Work instructions - Starting at the line that contains "Exacompta - Cod.604E" and stopping at the line that contains "Chaqueta Blanca Elástica", transcribe every line of the material below exactly; pictures stay out.

Listed records -
*-*-*

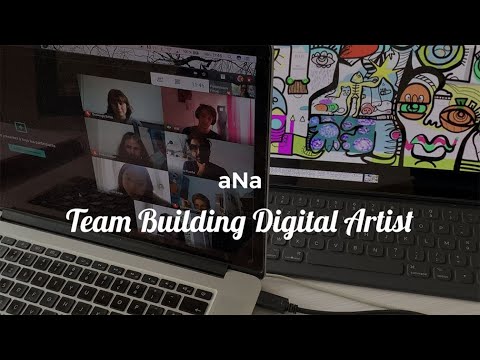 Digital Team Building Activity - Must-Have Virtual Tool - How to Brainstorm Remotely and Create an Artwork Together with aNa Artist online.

*-*-*

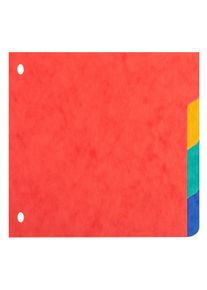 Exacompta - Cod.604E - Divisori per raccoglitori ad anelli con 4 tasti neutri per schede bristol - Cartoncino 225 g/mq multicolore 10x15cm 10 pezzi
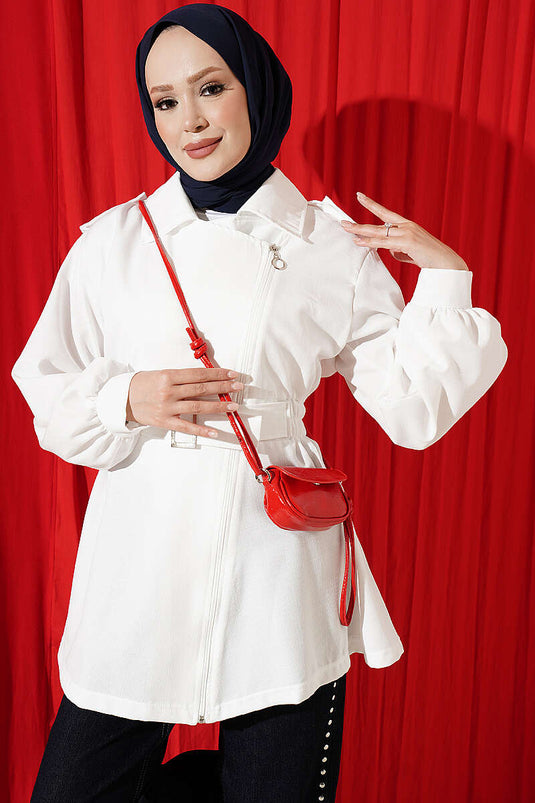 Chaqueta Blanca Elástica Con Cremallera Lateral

*-*-*

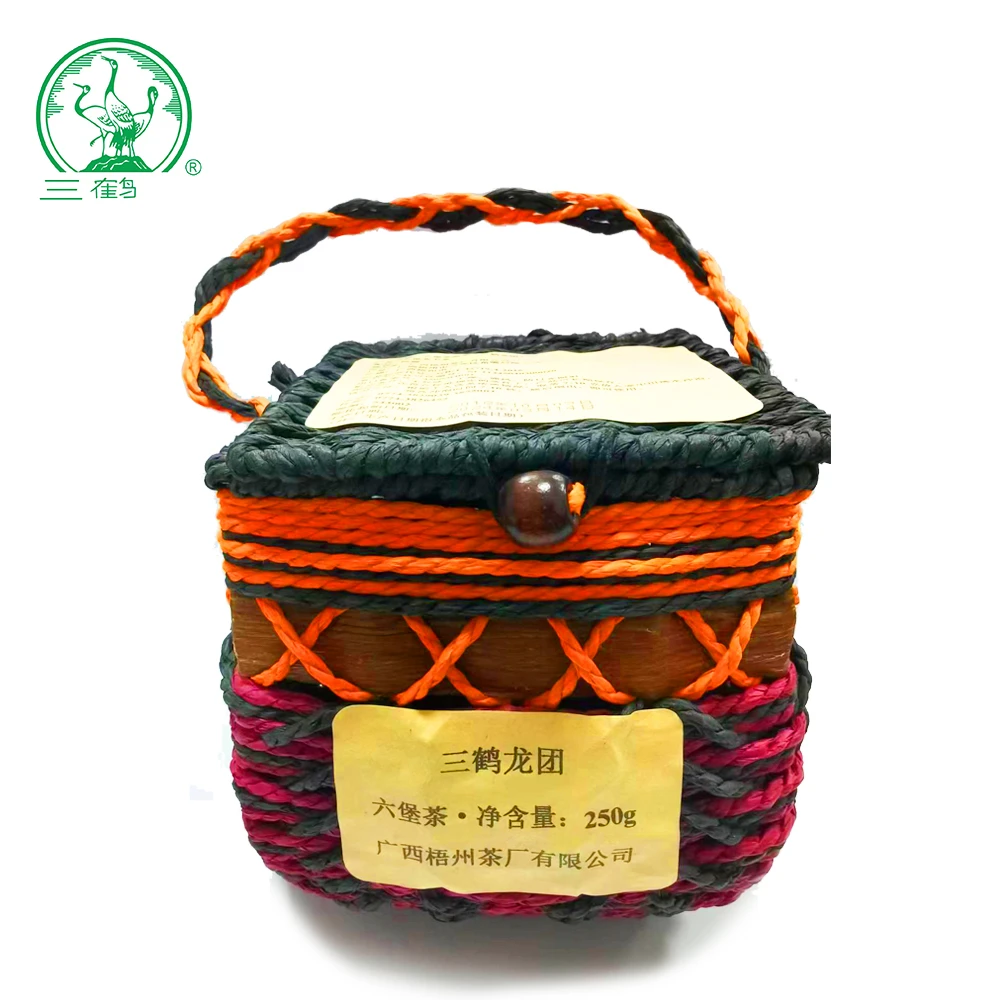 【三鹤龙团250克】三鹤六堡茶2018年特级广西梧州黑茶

*-*-*

Output of the task -
 Exacompta - Cod.604E - Divisori per raccoglitori ad anelli con 4 tasti neutri per schede bristol - Cartoncino 225 g/mq multicolore 10x15cm 10 pezzi
 Chaqueta Blanca Elástica Con Cremallera Lateral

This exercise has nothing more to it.